A un certo punto, inevitabilmente, furono poste alcune domande tipiche da parte di alcuni partecipanti alla tavola rotonda:
- A chi si rivolgeva la mostra?
- Come si raccordava alla politica inerente alle mostre fino ad allora adottata dalla galleria d’arte?
- Quali erano le implicazioni che una mostra di questo tipo avrebbe potuto avere sul nostro pubblico, composto prevalentemente da famiglie?
- Quali opportunità offriva questa mostra al museo per rivolgersi ed attrarre nuovi tipi di pubblico?
Ecco, dunque, alcune delle principali domande poste …
A posteriori, l’elemento di novità e differenza, che emerse e che si rivelò essere molto significativo per l’ulteriore sviluppo dei servizi offerti dal museo e dalla galleria, è che cominciammo a porci delle domande sullo scopo che intendevamo perseguire mediante questa mostra. Intendevamo semplicemente allestire e presentare una mostra d’arte di alta qualità cercando di renderla accessibile ad un pubblico quanto più vasto possibile (in linea con la nostra politica e prassi fino ad allora attuate), oppure intendevamo perseguire delle finalità sociali più alte ed ambiziose attraverso questo progetto?

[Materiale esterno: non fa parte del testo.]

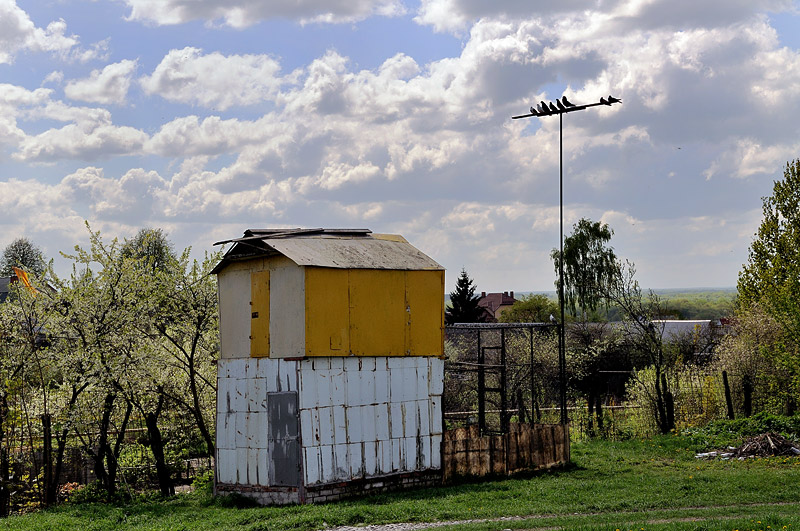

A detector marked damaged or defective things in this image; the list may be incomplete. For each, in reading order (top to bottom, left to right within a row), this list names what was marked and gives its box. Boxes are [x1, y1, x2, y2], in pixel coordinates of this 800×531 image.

rusty metal roof [211, 229, 444, 274]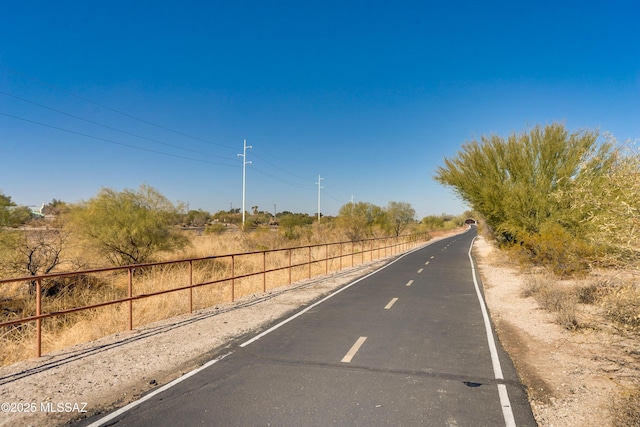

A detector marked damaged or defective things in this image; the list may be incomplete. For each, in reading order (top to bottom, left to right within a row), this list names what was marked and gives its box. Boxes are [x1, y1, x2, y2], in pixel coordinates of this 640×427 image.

rusty metal railing [1, 234, 430, 362]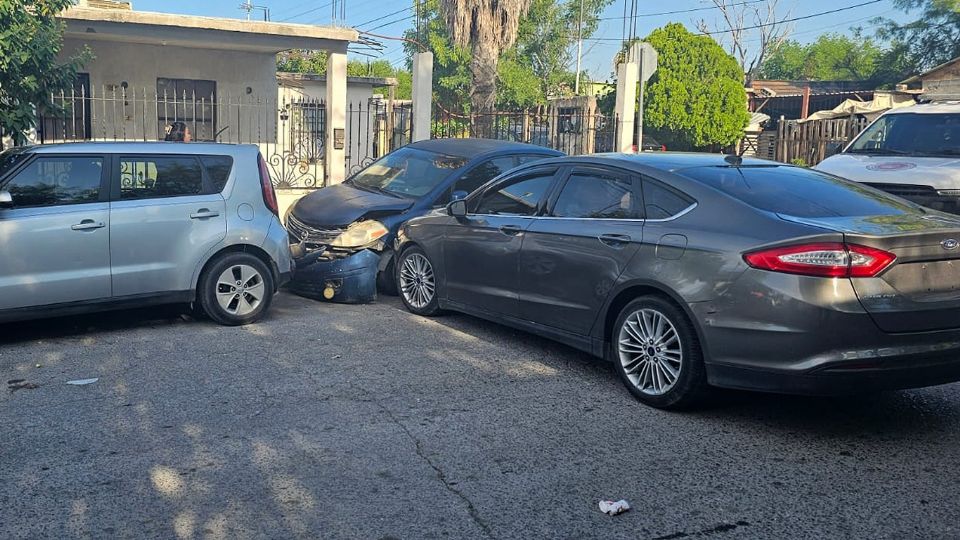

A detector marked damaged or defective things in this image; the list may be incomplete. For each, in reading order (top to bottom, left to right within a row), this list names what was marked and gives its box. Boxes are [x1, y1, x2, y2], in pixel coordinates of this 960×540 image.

crushed front bumper [290, 249, 380, 304]
detached car part on ground [284, 139, 564, 304]
detached car part on ground [396, 152, 960, 410]
detached car part on ground [812, 103, 960, 215]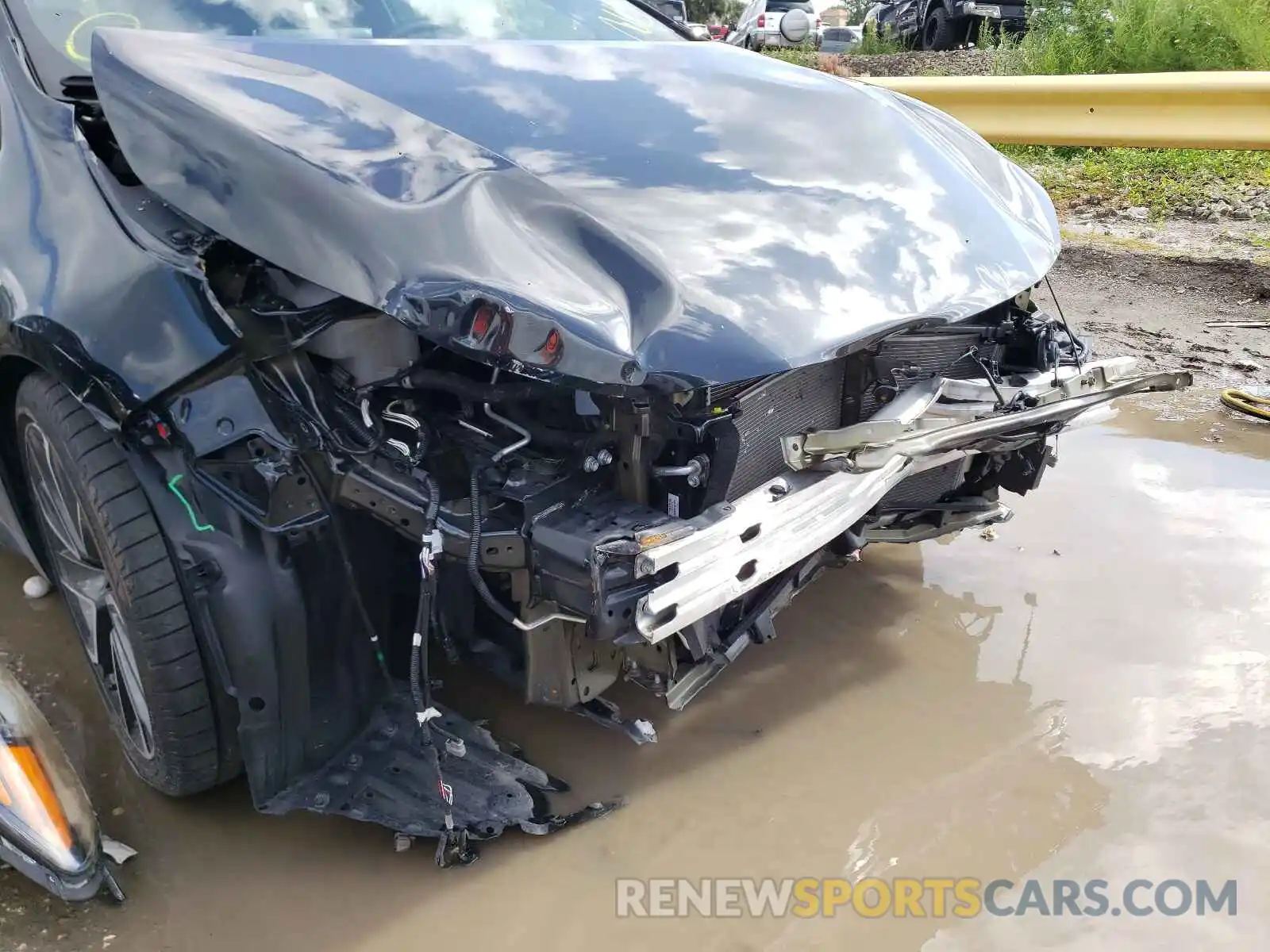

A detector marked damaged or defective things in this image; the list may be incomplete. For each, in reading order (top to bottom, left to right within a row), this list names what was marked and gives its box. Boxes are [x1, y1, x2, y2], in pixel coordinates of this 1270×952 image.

crumpled car hood [92, 30, 1061, 390]
dented hood surface [92, 33, 1061, 390]
bent bumper reinforcement bar [632, 360, 1188, 650]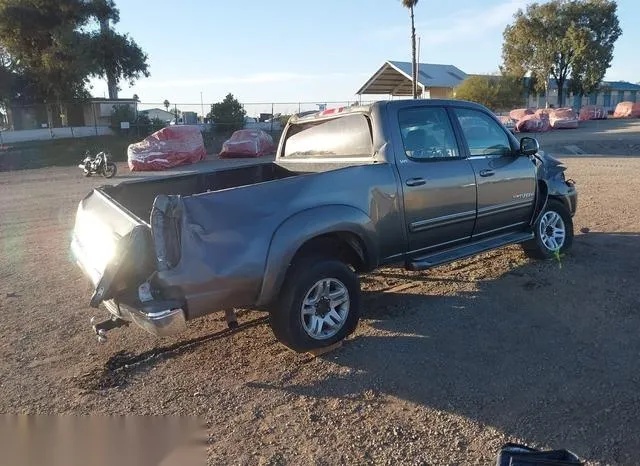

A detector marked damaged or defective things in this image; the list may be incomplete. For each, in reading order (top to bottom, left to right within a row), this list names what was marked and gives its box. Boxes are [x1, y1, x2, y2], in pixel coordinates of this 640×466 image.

crumpled front bumper [102, 300, 186, 336]
damaged gray pickup truck [72, 100, 576, 352]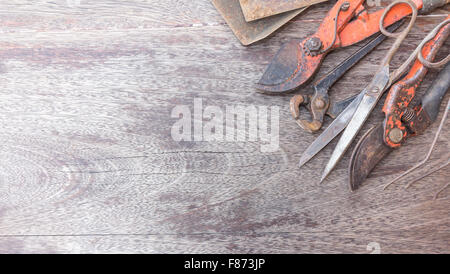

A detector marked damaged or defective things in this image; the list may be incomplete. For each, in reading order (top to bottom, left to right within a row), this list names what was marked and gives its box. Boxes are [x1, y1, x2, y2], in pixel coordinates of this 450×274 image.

rusty metal blade [211, 0, 306, 45]
rusty metal blade [241, 0, 326, 21]
rusty pruning shears [256, 0, 450, 93]
rusty pruning shears [298, 0, 450, 184]
rusty metal blade [350, 124, 392, 191]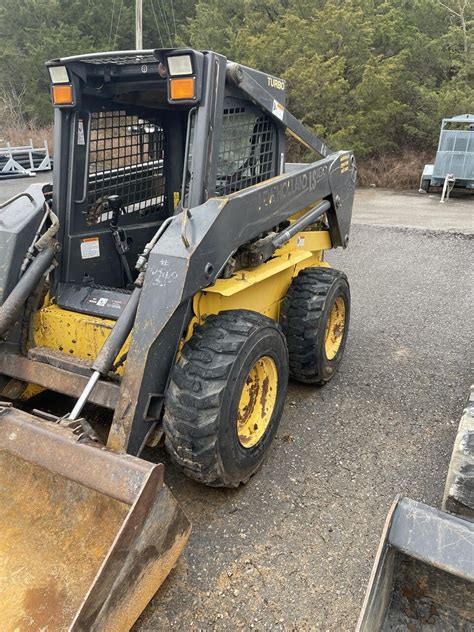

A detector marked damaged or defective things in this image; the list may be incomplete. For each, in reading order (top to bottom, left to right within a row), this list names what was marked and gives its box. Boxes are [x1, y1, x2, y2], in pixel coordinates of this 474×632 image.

rusty bucket attachment [0, 408, 189, 628]
rusty bucket attachment [358, 496, 472, 628]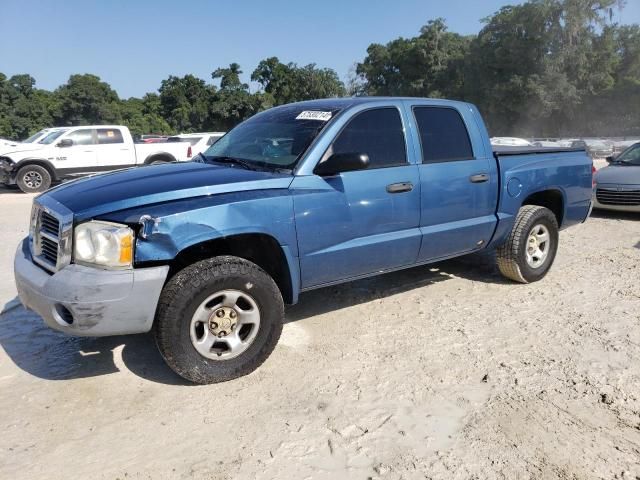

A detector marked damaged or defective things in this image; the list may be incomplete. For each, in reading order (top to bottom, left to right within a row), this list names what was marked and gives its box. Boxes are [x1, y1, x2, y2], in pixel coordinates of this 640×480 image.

damaged front bumper [13, 238, 169, 336]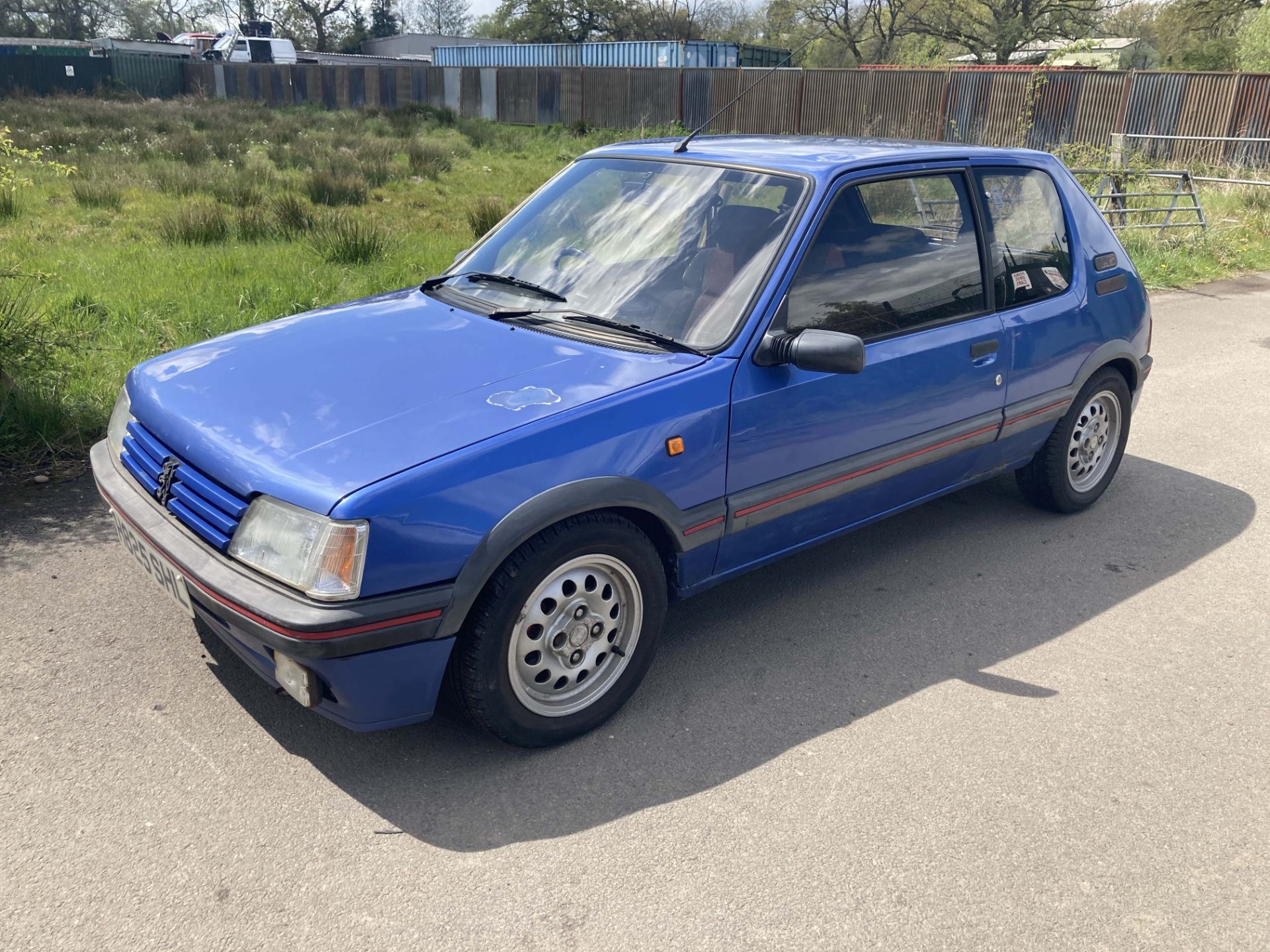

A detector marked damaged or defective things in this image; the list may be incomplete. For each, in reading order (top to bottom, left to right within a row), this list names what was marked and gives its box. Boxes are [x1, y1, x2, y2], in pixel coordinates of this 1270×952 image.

paint chip on bonnet [485, 385, 561, 411]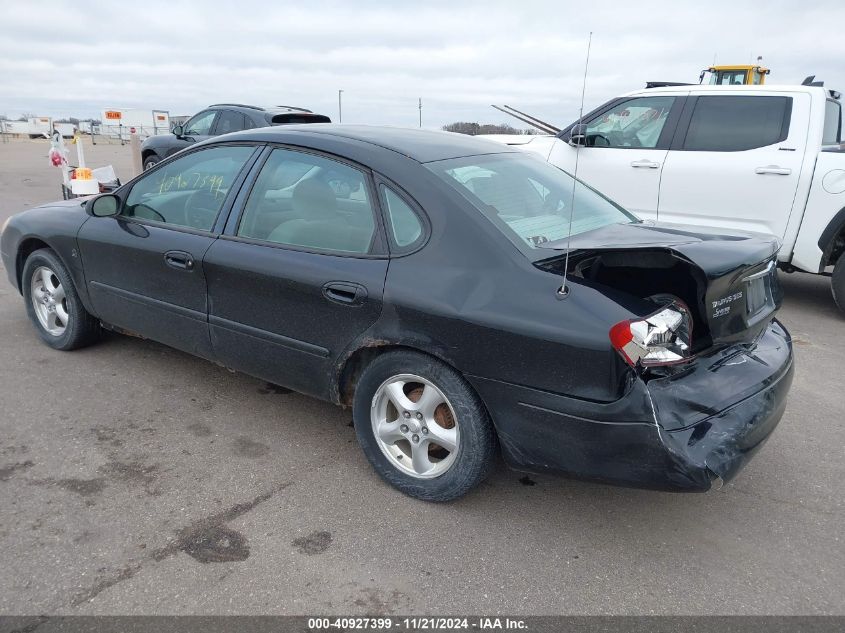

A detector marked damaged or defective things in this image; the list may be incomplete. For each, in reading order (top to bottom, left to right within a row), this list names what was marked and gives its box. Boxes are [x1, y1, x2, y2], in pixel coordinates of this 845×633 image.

damaged rear bumper [468, 318, 792, 492]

Abbiamo cominciato a considerare il potenziale impatto di una mostra di questo tipo sulla salute e sul benessere dei visitatori e della collettività mediante la comunicazione di messaggi di promozione della salute. Inoltre, ciò ci ha portato a prendere in considerazione la possibilità di creare delle nuove forme di partenariato con enti non museali e i vantaggi che potevano derivare per entrambe le parti da queste iniziative. In che misura il museo avrebbe contribuito a promuovere maggiore salute e benessere nella comunità?
Penso che quell’incontro abbia avuto un’importanza particolare per l’organizzazione, per coloro che vi lavoravano e per l’influenza sul mio stesso modus operandi. Infatti, è da allora che ho cominciato a riflettere e a sviluppare delle mie idee sul valore, lo scopo e il ruolo sociale di un museo. Ci sono voluti, tuttavia, degli anni prima che tali idee maturassero e fossero ampiamente condivise sia nell’ambito del Museo di Nottingham e in tutto il settore – fu proprio durante quella riunione che riconoscemmo la responsabilità sociale del museo e il suo eventuale impegno in questioni che andavano oltre le competenze tradizionali normalmente associate a musei e gallerie.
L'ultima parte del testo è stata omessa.